After Iraqi Kurds held an independence referendum last month, the government in Baghdad — which deemed the vote unconstitutional — sent in troops. It wasn't the first time Kurds have pushed toward independence, only to be beaten.

Why it matters: It's likely not the last time, either. The complicated history behind the regional struggle spans across decades and borders, and Kurdish support for independence are coming to a head, not just in Iraq, but in neighboring countries as well.

Spread between four states

The 1923 Treaty of Lausanne left the Kurdish population split between states.
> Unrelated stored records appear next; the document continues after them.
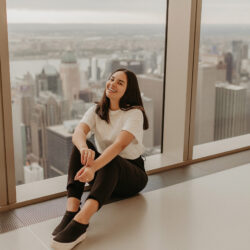 Isis Castro sentada no topo do Summit, observatório em NY. Ela está sentada no chão, perto da janela e sorrindo, representando uma das conquistas de ser uma fotógrafa de sucesso.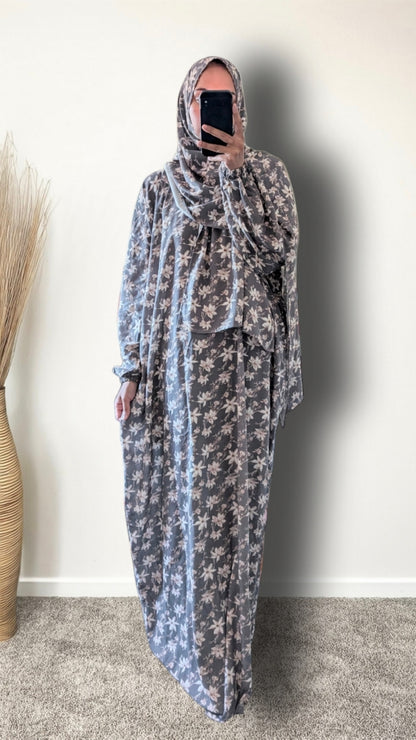 A woman wearing a long, loose-fitting modest dress with a gray and white floral pattern, paired with a matching hijab, taking a mirror selfie in an indoor setting.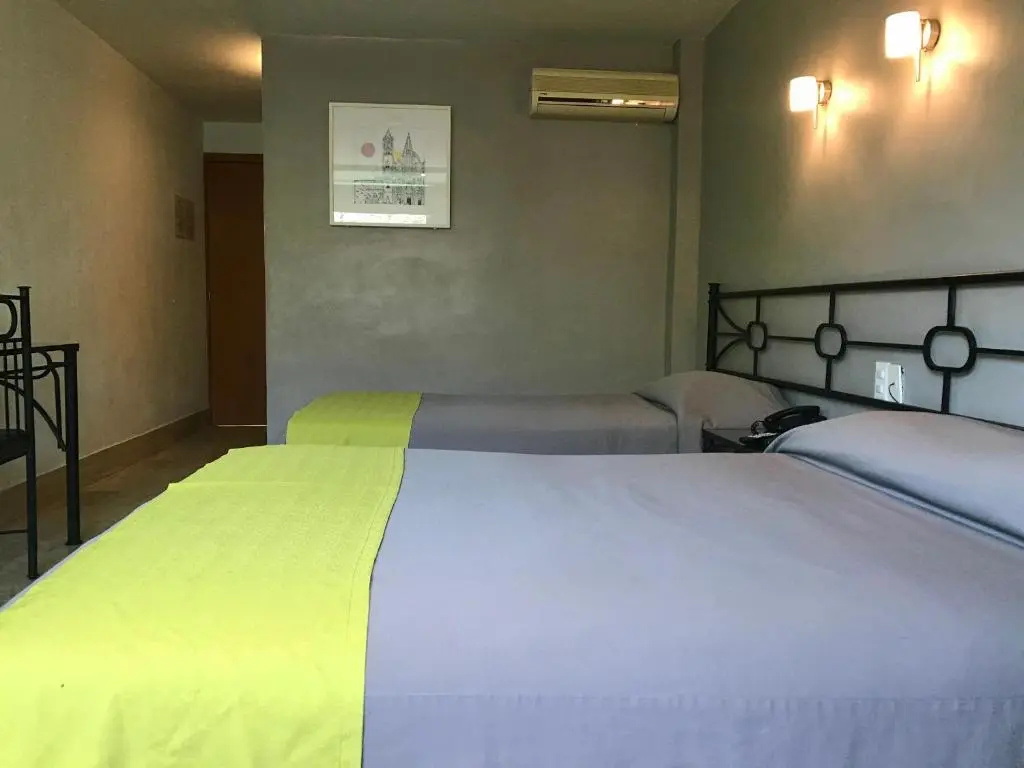 Hotel Arboledas Expo - Chambres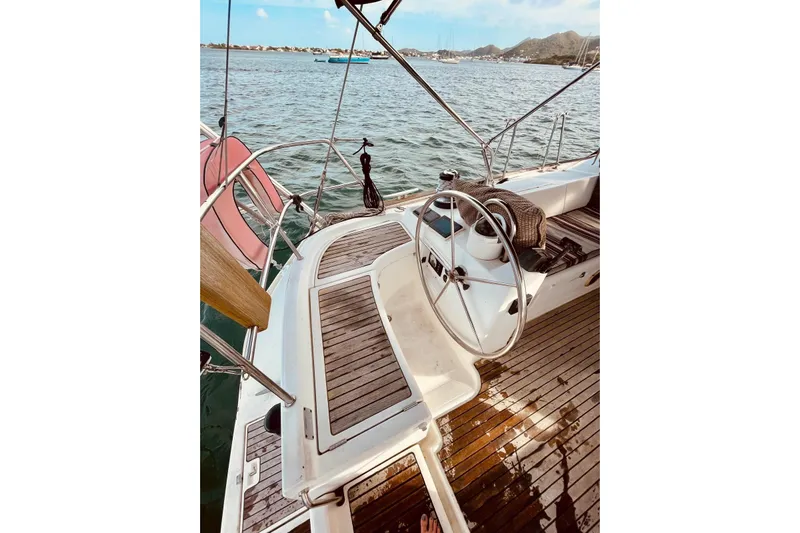 Further Yacht Photos Pics Cockpit of 2005 Beneteau Oceanis 473 sailboat with wooden deck and steering wheel.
  • There are over 2 million Kurds in Syria, 5 million in Iraq, 5 million in Iran, and 18 million in Turkey, per The Economist.
  • Between 1991 and 2003, the U.S., Turkey, and Iran pressured Iraqi Kurds to cease calls for independence, fearing the interest would spread throughout the region and cause political chaos. Even now…
  • Turkey fears such cascading disruption and has battled its own Kurdish population (in particular the PKK, which it regards as a terrorist organization) for decades.
  • Although Iran condemned Iraqi Kurds' referendum, its Kurdish population celebrated in the streets, and calls for independence are growing there.
  • Syria, too, rejected the independence vote in Iraq, and has opposed its own Kurdish population's moves towards independence, which bubbled up in 2011.
  • Although the U.S. opposed last month's referendum, it played a large role in getting Kurdish status recognized in the Iraqi constitution in the early 2000s. The U.S. draws a line at independence though, in part because it depends on Iraq and Turkey in the anti-ISIS fight.
An Iraqi Kurdistan now?

Iraqi Kurdistan operates has operated semi-autonomously from Iraq's central government, with its own military, government, and foreign policy — it's the closest thing to a Kurdish state in recent decades. That status came as a result of the 2003 U.S. invasion, which toppled Saddam Hussein (who had previously committed genocide against Iraqi's Kurds). The new government formalized the Kurdish semi-autonomous government.

  • Clashes since the independence vote this fall: Following the referendum, Prime Minister Haidar al-Abadi said sending in troops to Kirkuk, a region Kurds have held since 2014, was necessary to "protect the unity" of the country. Instead of statehood, the Kurds got a conflict with the potential to erupt into civil war. U.S. Colonel Ryan Dillon said Friday the Kurds and Iraqis had almost reached a cease-fire deal.
  • The latest: There's a 24-hour pause in fighting, ordered by Prime Minister Haidar al-Abadi, per Bloomberg.
The stops and starts for independence
  • After the Treaty of Lausanne, an independent Kurdish state was established in Iran, which survived for 2 years with Soviet support.
  • Iraq jailed Kurdish nationalists in the 1940s.
  • The first Kurdish-Iraqi war erupted in 1961 and lasted until 1970, with the Kurdish Peshmerga soldiers receiving support from Iran. This conflict ended in an agreement that allowed Kurds de facto autonomy and recognized Kurdish as an official language.
  • But the agreement fell apart over disputes about territorial ownership of oil-rich Kirkuk, and Iran didn't aid the Kurds due to a deal with Iraq.
  • Between 1968-1989 Iraq forcibly evacuated Kurds to settlements in the north.
  • In 1988, Saddam responded to an uprising with executions and poison gas attacks.
  • In 1991, the Kurds rose up again, and Saddam put them down again. International coalition forces intervened to provide safe havens for the Kurds, and the Kurds set up a government with de facto autonomy.
  • The 2003 U.S. invasion toppled Saddam and led to Kurdistan receiving recognition as a federal entity.
  • As Iraqi forces fell to ISIS in 2014, Kurds seized oil-rich Kirkuk, which is technically outside of its borders.